Desalegn había llegado al cargo en el año 2012, a la muerte de Meles Zenawi, el carismático líder del TPLF, el Frente de Liberación del Pueblo Tigre, la guerrilla que derrocó en 1991 al régimen prosoviético de Mengistu Haile Mariam. En los seis años de primer ministro, Desalegn mantuvo las líneas maestras de su predecesor: una política económica desarrollista, que ha atraído cuantiosas inversiones foráneas; una estrecha alianza con Estados Unidos, que considera al régimen etíope como su mejor aliado en el Cuerno de África; una relación intensa con China; una tutela de Somalia, en ejercicio del papel que se asigna de potencia regional; una enemistad con el régimen eritreo; y un control de la vida política. Con Desalegn, el crecimiento económico no bajó del 10% anual; se inauguraron grandes infraestructuras, como el metro ligero de Addis Abeba y el tren a Yibuti, construidos por empresas chinas; y mejoraron los parámetros sociales. Sin embargo, a pesar de decretar el estado de emergencia, el primer ministro fue incapaz de desactivar el descontento, sobre todo de oromos y amharas, ante la asfixiante hegemonía del ERPD, en manos de la minoría tigré.
Con el fin de poner fin al bloqueo político, que amenazaba la estabilidad de un país de “nacionalidades y pueblos”, según la constitución, los dirigentes de la Organización Democrática de los Pueblos de Oromo y del Movimiento Democrático Nacional Amhara, que forman parte de la coalición en el poder, se aliaron para nombrar a Abiy, un oromo, y apartar a los tigré, que habían dominado desde 1991. El cuarto partido de la coalición, el Movimiento Democrático de los Pueblos del Sur de Etiopía, tiene escaso protagonismo.
Abiy sorprendió por su valentía al liberar a los presos políticos, cerrar el centro de detención de Maekelawi, permitir el retorno de exiliados, suspender el estado de emergencia, levantar las restricciones a Internet y anunciar elecciones plurales en el 2020. En economía, defiende una mayor liberalización, con la venta de parte del sector público.

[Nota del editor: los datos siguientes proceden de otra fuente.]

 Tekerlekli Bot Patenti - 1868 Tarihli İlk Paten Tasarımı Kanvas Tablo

La “transición democrática” emprendida por Abiy, un político que es comparado con Nelson Mandela por Addis Standard, un diario en inglés de la capital, se puede encontrar con la resistencia del TPLF, una formación en su origen marxista leninista, cuyo acusado carácter se forjó en los duros años de guerra en las montañas del Tigray. De momento, Abiy ha superado la primera prueba al ser nombrado presidente de la coalición en el congreso celebrado a principios de octubre en la localidad sureña de Hawassa. Abiy obtuvo 176 votos de los 177 delegados, mientras que el aspirante presentado por el partido tigré, Debretsion Gebremichael, solo consiguió 15 votos. Otro reformista, el viceprimer ministro, Demeke Mekonen, amhara, fue elegido vicepresidente.

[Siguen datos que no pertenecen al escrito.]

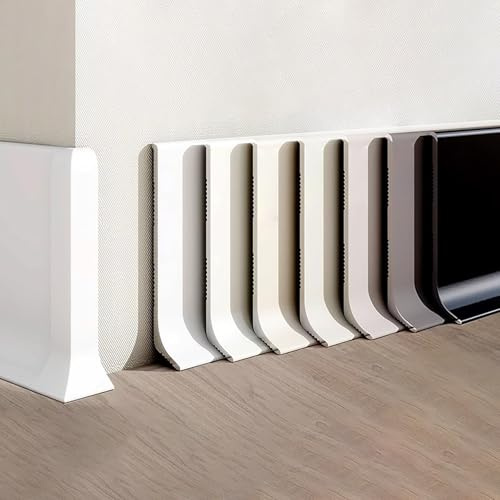Raouoae Protectores De Esquinas para Rodapiés 125 Cm* 2 Piezas Moldura Decorativa para Suelos Y Paredes Transiciones Paredes Y Suelos En Interiores Modernos(Black,Height:40mm)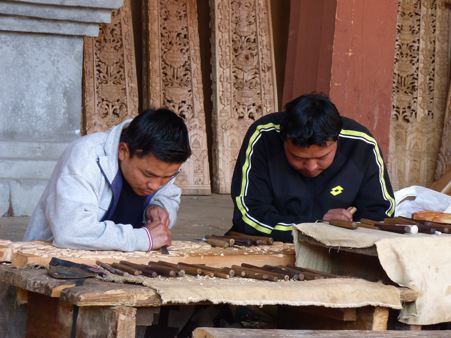 Gangtey Woodworkers Carving New Panels for the Gangtey Goemba - Bhutan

Que Abiy haya obtenido el apoyo de los congresistas tigrés no significa que su proyecto despierte entusiasmo. Podría tratarse, tan solo, de una decisión estratégica del TPLF, cuyos dirigentes mantienen el secretismo de la etapa clandestina, de lucha en el Tigray. Esperarían, pacientemente, a que el primer ministro se estrellara para intentar retomar el poder.

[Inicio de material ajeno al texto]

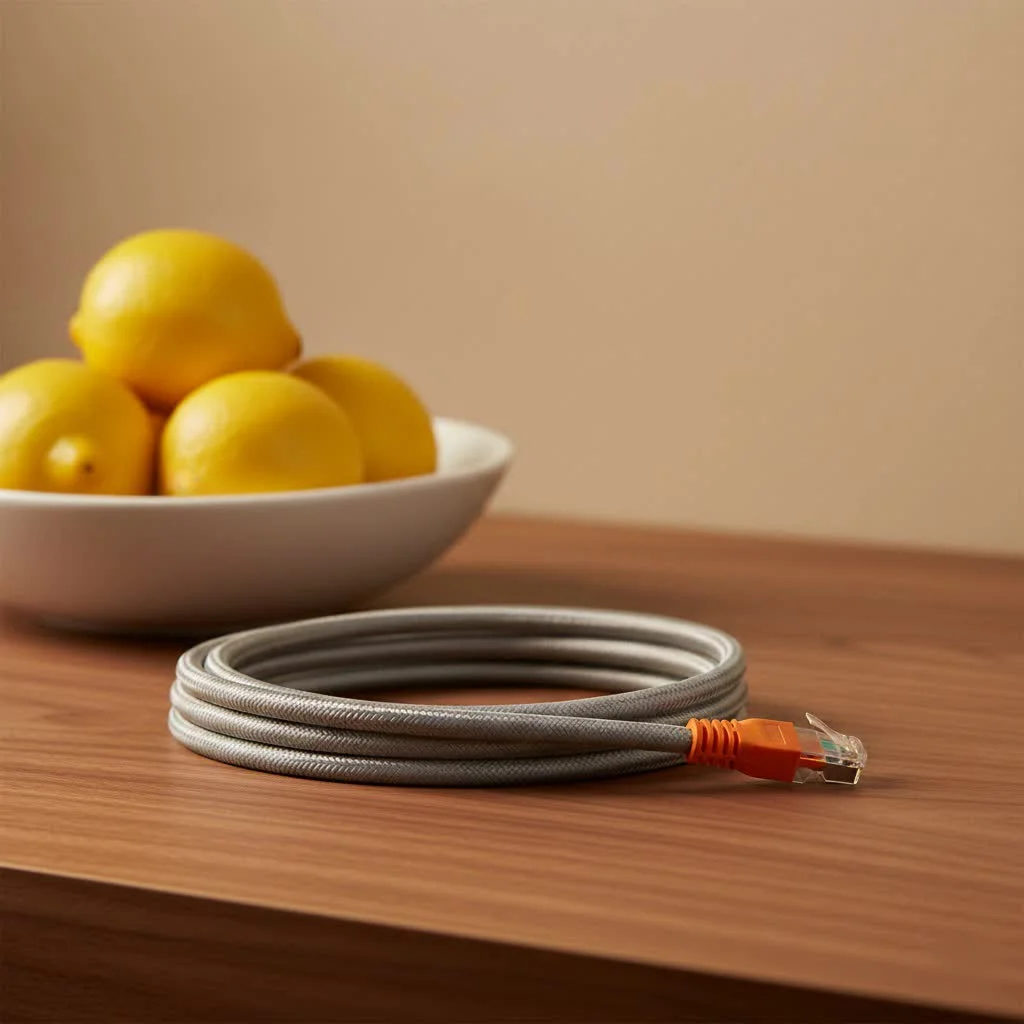 A coiled 30 ft Ethernet cable with RJ45 connectors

El nacionalismo tigré, que ha perdido el protagonismo de los últimos 27 años en una república heredera de un imperio centralista, parece estar a la espera de acontecimientos. En cambio, el nacionalismo oromo se muestra reivindicativo, aunque dividido, en busca de su lugar en un país que les ha marginado a pesar de ser, por demografía, la primera comunidad. Abiy ha hecho gestos, como permitir el retorno de los exiliados y sacar al Frente de Liberación Oromo (OLF) de la lista de organizaciones terroristas. Unas medidas elogiadas por un amplio sector del nacionalismo oromo pero rechazadas por una minoría, que hizo estallar, en junio, una bomba cerca de la tribuna en que intervenía el primer ministro.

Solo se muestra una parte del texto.